DICHIARAZIONI che di certo non contribuiscono ad abbassare il livello di tensione, salito nuovamente sabato scorso proprio a Sacaba, dove 15mila produttori di coca delle sei federazioni del Trópico de Cochabamba sono tornati a manifestare per rendere omaggio ai caduti e sono stati nuovamente colpiti dalla repressione delle forze dell’ordine. E lo stesso è avvenuto domenica a Villa Pagador, a Cochabamba, e a El Alto, dove un giovane che filmava un video è stato colpito da un proiettile. È stato del resto lo stesso governo de facto a dare alle forze di sicurezza la licenza per uccidere, autorizzando l’uso di armi da fuoco e garantendo totale impunità: «Il personale delle forze armate che partecipi a operazioni per ristabilire l’ordine è esente da ogni responsabilità penale qualora, nel compimento delle sue funzioni costituzionali, agisca per legittima difesa o in stato di necessità», recita il decreto emesso venerdì dal governo Añez, su cui è già arrivata la piena condanna della Commissione interamericana dei diritti umani e contro cui il Movimiento al Socialismo ha presentato ricorso presso il Tribunale costituzionale. «Sono in corso dei negoziati. Perché non puntare sul dialogo anziché realizzare massacri?», hanno protestato i parlamentari del Mas, denunciando al tempo stesso le minacce e le intimidazioni da parte di Murillo, il quale ha annunciato di avere già pronte liste di dirigenti del partito da arrestare per sedizione.

ED È PROPRIO IN MEZZO a repressione e minacce che va avanti, con molta fatica, il dialogo tra il governo e il Mas, con la mediazione della Conferenza episcopale – da sempre piuttosto ostile a Morales – e delle Nazioni unite, attraverso l’inviato Jean Arnault. E intanto, dal Messico, Morales torna a puntare il dito contro l’ambasciata degli Stati uniti come vero attore del colpo di stato, denunciandone l’intenzione di impossessarsi del litio – cruciale per la realizzazione delle batterie ricaricabili – di cui la Bolivia afferma di possedere il 70% delle riserve mondiali, concentrate soprattutto nell’enorme deserto di sale di Salar de Uyuni, che si estende per oltre 10mila chilometri quadrati.

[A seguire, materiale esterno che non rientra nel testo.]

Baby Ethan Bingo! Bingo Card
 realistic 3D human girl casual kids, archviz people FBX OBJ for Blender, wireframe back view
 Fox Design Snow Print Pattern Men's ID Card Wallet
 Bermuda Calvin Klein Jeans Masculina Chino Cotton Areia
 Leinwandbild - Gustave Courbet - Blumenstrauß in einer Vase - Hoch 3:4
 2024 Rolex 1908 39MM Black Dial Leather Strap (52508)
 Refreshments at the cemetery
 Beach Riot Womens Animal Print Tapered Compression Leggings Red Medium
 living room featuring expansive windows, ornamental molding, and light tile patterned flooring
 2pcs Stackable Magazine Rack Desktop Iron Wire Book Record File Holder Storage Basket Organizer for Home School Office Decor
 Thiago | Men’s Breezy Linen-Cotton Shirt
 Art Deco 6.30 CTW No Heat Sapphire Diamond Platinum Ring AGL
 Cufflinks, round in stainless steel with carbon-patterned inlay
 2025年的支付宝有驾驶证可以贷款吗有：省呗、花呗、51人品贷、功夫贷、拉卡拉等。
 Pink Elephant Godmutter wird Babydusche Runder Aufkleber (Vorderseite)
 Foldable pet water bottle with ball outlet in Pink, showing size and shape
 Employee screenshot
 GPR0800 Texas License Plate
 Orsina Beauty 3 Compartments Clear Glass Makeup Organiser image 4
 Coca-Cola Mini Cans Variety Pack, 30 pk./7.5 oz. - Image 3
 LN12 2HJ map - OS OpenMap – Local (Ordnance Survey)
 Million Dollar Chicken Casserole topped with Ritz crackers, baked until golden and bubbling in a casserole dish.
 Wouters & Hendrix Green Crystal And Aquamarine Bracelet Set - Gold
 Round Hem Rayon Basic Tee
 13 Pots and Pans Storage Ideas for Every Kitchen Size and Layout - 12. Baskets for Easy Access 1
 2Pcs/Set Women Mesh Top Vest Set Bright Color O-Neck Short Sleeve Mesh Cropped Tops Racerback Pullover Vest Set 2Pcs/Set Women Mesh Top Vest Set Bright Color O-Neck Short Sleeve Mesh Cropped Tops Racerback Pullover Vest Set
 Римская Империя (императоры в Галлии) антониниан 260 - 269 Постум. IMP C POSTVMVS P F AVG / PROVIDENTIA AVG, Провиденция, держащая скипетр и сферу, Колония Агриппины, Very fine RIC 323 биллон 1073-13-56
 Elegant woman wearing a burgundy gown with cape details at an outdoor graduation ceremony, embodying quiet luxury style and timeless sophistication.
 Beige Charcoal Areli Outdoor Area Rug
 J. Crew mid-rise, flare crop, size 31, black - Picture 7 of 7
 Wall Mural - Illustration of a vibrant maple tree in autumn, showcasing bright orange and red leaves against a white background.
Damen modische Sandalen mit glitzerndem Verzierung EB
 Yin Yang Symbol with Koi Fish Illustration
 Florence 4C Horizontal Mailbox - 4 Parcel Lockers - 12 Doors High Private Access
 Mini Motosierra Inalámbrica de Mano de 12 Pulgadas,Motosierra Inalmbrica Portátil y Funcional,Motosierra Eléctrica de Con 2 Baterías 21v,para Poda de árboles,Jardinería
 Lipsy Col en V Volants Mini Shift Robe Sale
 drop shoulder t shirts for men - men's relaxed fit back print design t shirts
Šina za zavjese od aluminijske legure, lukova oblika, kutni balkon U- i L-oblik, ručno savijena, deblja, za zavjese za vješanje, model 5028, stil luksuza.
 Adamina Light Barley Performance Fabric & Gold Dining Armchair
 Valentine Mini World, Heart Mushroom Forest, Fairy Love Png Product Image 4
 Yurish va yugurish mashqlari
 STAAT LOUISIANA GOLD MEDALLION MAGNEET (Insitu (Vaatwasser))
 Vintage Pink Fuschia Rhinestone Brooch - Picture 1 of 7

MA SE L’OBIETTIVO del governo di «iniziare a sviluppare un’industria del litio» (pare con l’ausilio di capitali cinesi, dopo l’annullamento dell’accordo con l’industria tedesca Aci Systems in seguito alle proteste dei residenti) risultava senz’altro sgradito alle principali compagnie minerarie transnazionali, l’estrazione del cosiddetto “oro bianco” non piaceva neppure alle organizzazioni ambientaliste, a causa del suo impatto devastante sulla più grande distesa salata del pianeta, un’area di bellezza incontaminata che costituisce anche una delle principali attrazioni turistiche del paese.